▶ [Records for the task]

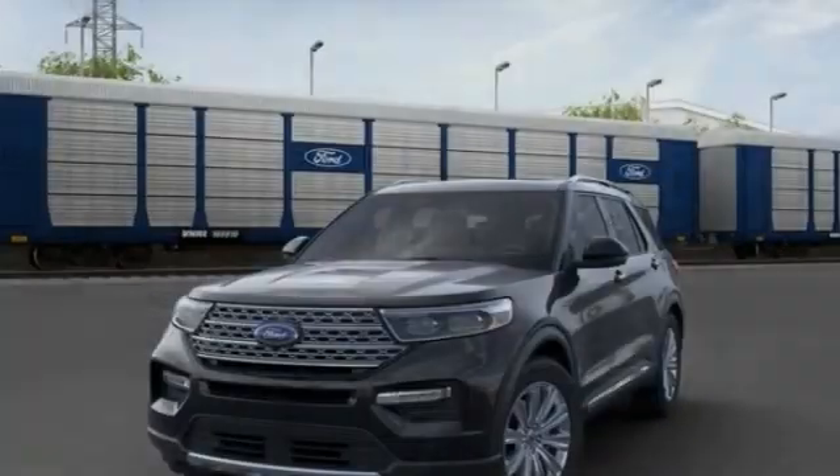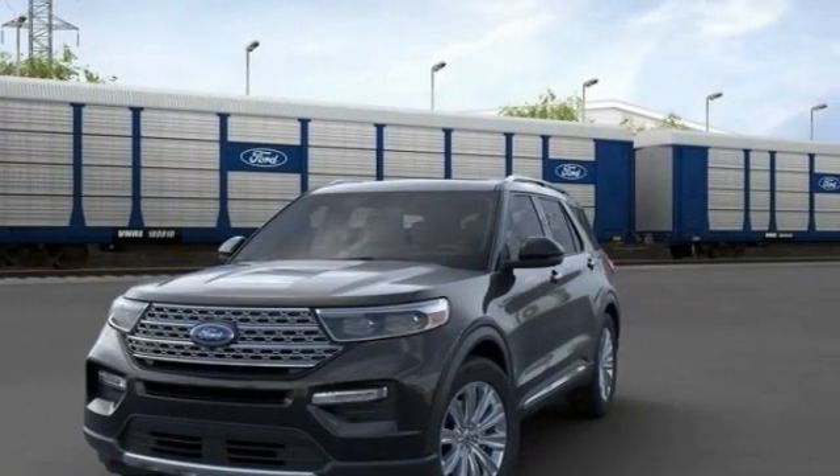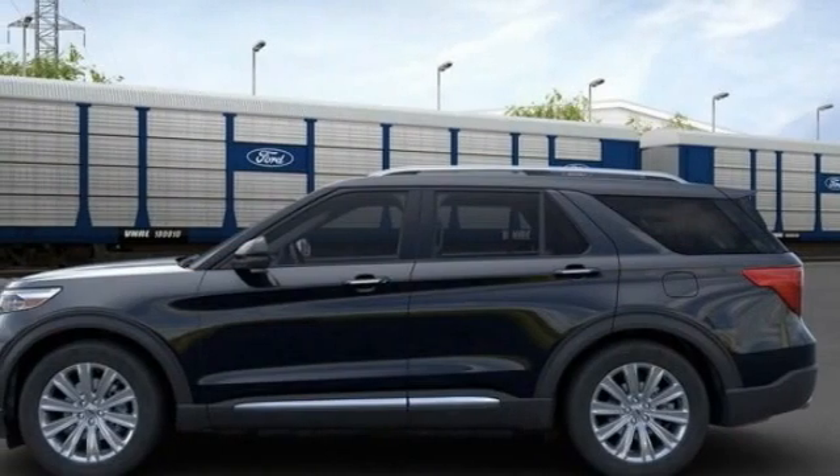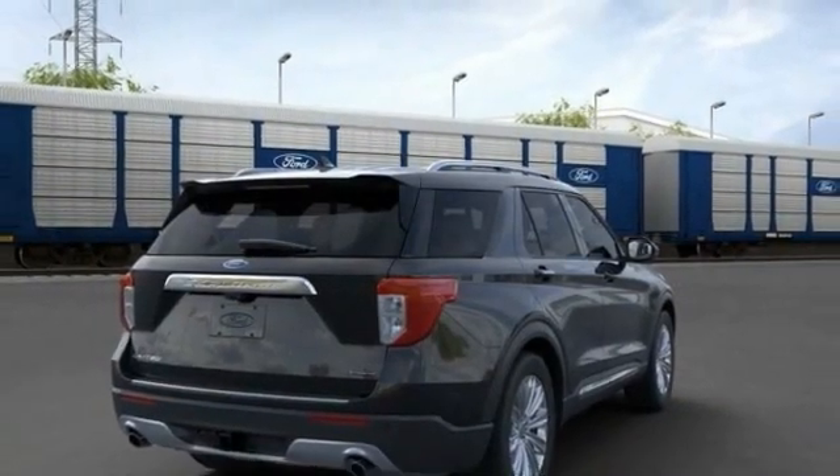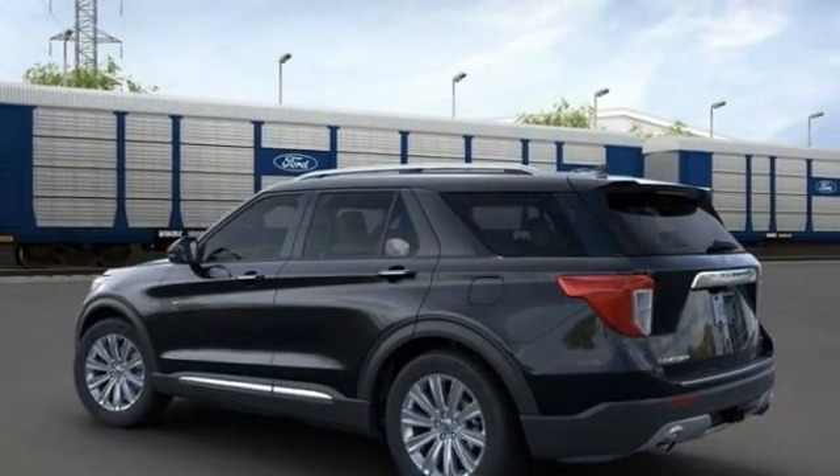In the 2021 Explorer, you've got a lot of capabilities to call on in a Ford Explorer. Don't underestimate your choices. This vehicle has less than 100 miles. Here are some of this vehicle's great options.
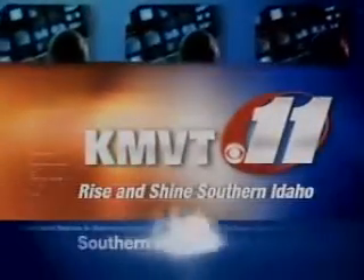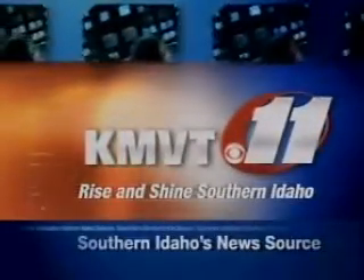You're watching Rise and Shine, Southern Idaho. Hello, welcome back. You're watching Rise and Shine. It is time, as always, on a Monday to geek out!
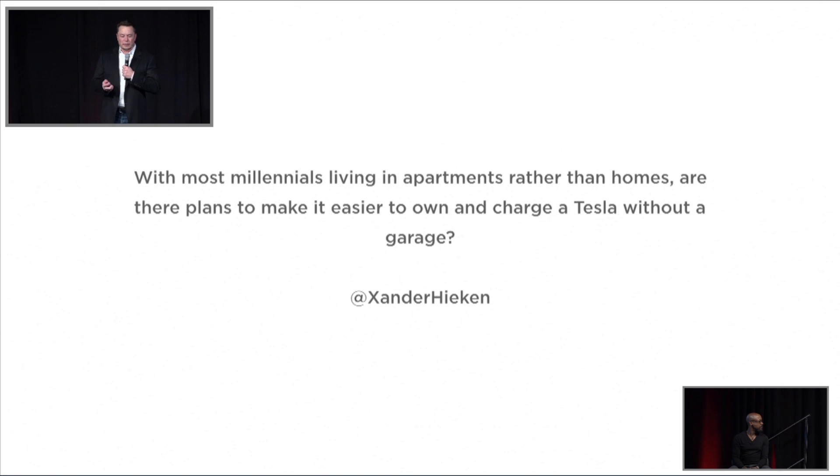Most millennials are living in apartments rather than homes — what can we do to make it easier to own and charge a Tesla without a garage? We're establishing supercharging locations, a lot more in-city supercharging locations. They'll be a little lower power, but in between a high-power supercharger — which is optimized for long-distance trips — but more power than would typically be found in a home garage. Wherever the car is being parked, at the apartment or work or somewhere in between, we're going to make sure there's a place to charge.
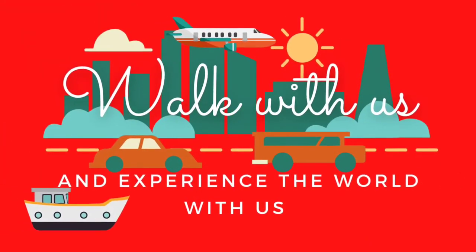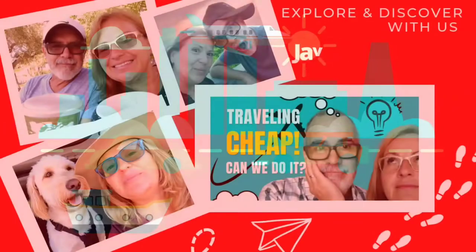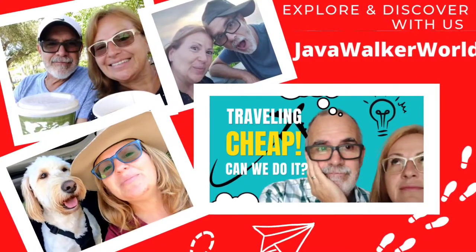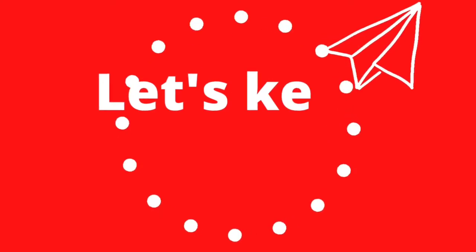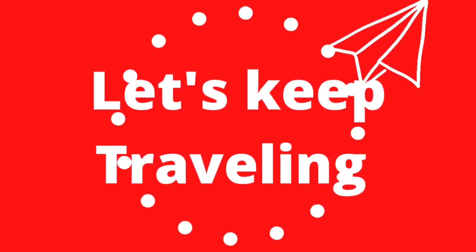We are Frank and Fern with JavaWalkerWorld. Join us on our journey to quench your thirst for the simple pleasure of a good coffee and explore a magnificent world one step at a time.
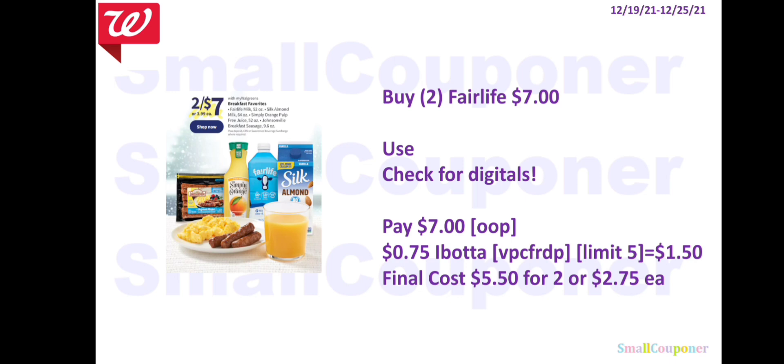The Fairlife will be 2 for $7. Check for digitals — we've gotten digitals and printables from Coupons.com for Fairlife before. Note: you must pay $7 out of pocket because Walgreens Cash and Registry Rewards exclude dairy, so you cannot use them to pay for Fairlife or include it in a spin booster deal. There is a $0.75 Ibotta rebate for the Fairlife — referral code VPCFRDP, limit $5. Get $1.50 back for buying two. Final cost is $5.50 for two, or $2.75 each.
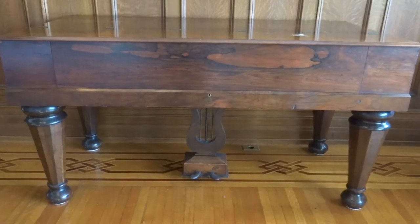Hi everybody! Welcome to another Throwback Thursday video. This week we're going to show you a unique item from our collection at Thistle Cottage.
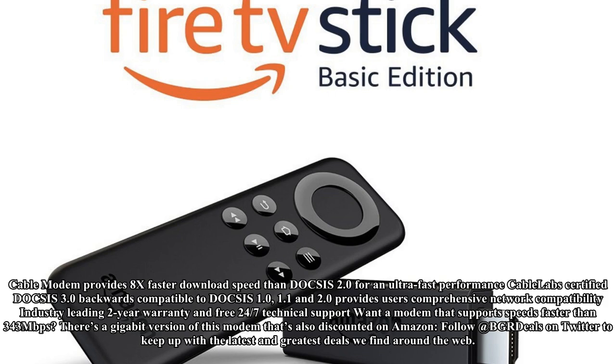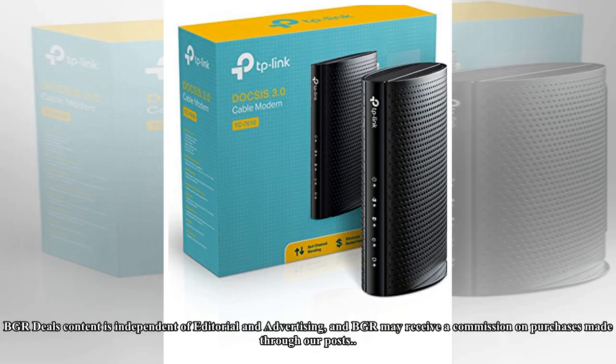Want a modem that supports speeds faster than 343 Mbps? There's a gigabit version of this modem that's also discounted on Amazon. Follow @BGRDeals on Twitter to keep up with the latest and greatest deals we find around the web. BGR Deals content is independent of editorial and advertising, and BGR may receive a commission on purchases made through our posts.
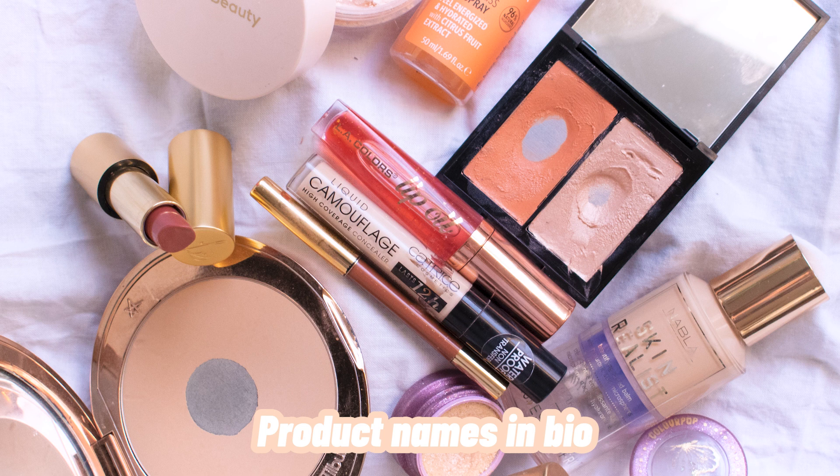Hi everyone, and welcome back — or welcome to my channel if you haven't been here before. Please subscribe to be a part of the bilingual family, which is mostly me attempting to speak English. As you can see from the title, today I wanted to do a fun summer makeup look incorporating anything peach-related. It's a very warm, summery color, so we're going to do a very simple peach summer makeup look.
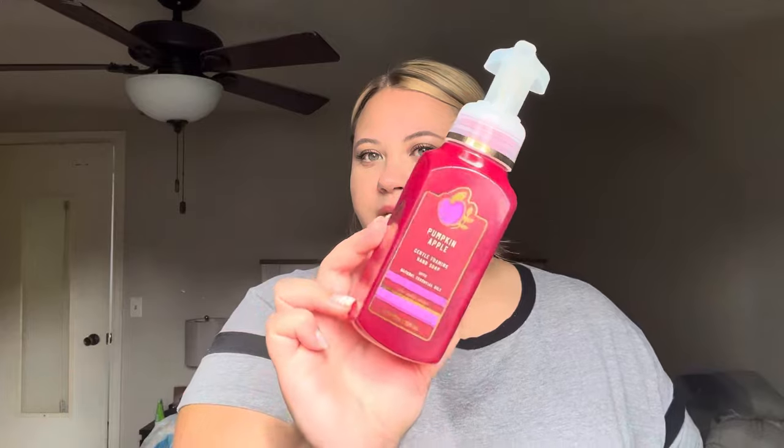This one is Pumpkin Apple — scent notes of red delicious apples, fall pumpkin, and clove buds. It's like Michael's store in a hand soap, it smells so good. I loved the packaging. I would definitely repurchase in the future. And then Strawberry Pound Cake — scent notes of fresh strawberries, golden shortcake, and whipped cream. This was good. I like it in a hand soap. It's not something I'm running to get again, but if it's part of a sale I'll always repurchase. It's an oldie but a goodie.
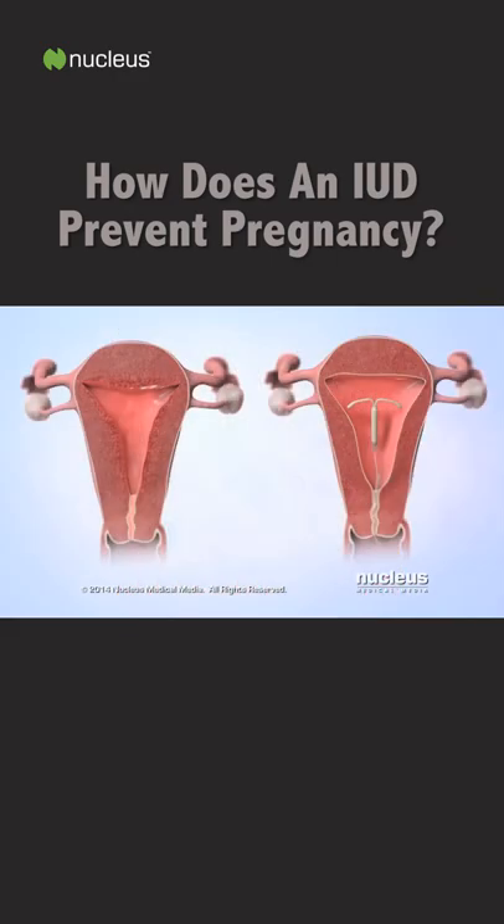It also prevents the uterine lining from thickening, so it is less likely to receive a fertilized egg.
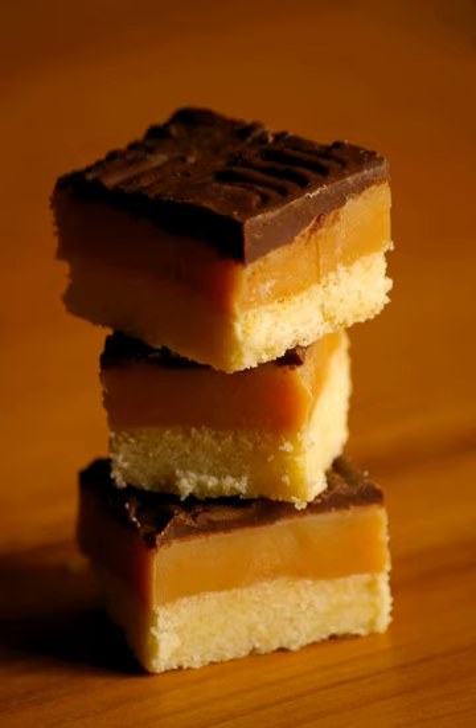Caramel Shortbread, also known as Caramel Shortcake, Caramel Squares, Caramel Slice, Millionaire's Shortbread, and Millionaire's Slice, is a biscuit confectionary item composed of a crunchy and rich rectangular shortbread biscuit base topped with a chewy and soft caramel filling and a shiny milk chocolate topping.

▶ [What is being asked]
Starting with the line that has "We are Frank" and going on through the line that has "Hi everyone, and", transcribe the records above exactly, but skip the pictures.

▶ [Solution for this problem]
We are Frank and Fern with JavaWalkerWorld. Join us on our journey to quench your thirst for the simple pleasure of a good coffee and explore a magnificent world one step at a time.
The Fairlife will be 2 for $7. Check for digitals — we've gotten digitals and printables from Coupons.com for Fairlife before. Note: you must pay $7 out of pocket because Walgreens Cash and Registry Rewards exclude dairy, so you cannot use them to pay for Fairlife or include it in a spin booster deal. There is a $0.75 Ibotta rebate for the Fairlife — referral code VPCFRDP, limit $5. Get $1.50 back for buying two. Final cost is $5.50 for two, or $2.75 each.
Hi everybody! Welcome to another Throwback Thursday video. This week we're going to show you a unique item from our collection at Thistle Cottage.
Want a modem that supports speeds faster than 343 Mbps? There's a gigabit version of this modem that's also discounted on Amazon. Follow @BGRDeals on Twitter to keep up with the latest and greatest deals we find around the web. BGR Deals content is independent of editorial and advertising, and BGR may receive a commission on purchases made through our posts.
Hi everyone, and welcome back — or welcome to my channel if you haven't been here before. Please subscribe to be a part of the bilingual family, which is mostly me attempting to speak English. As you can see from the title, today I wanted to do a fun summer makeup look incorporating anything peach-related. It's a very warm, summery color, so we're going to do a very simple peach summer makeup look.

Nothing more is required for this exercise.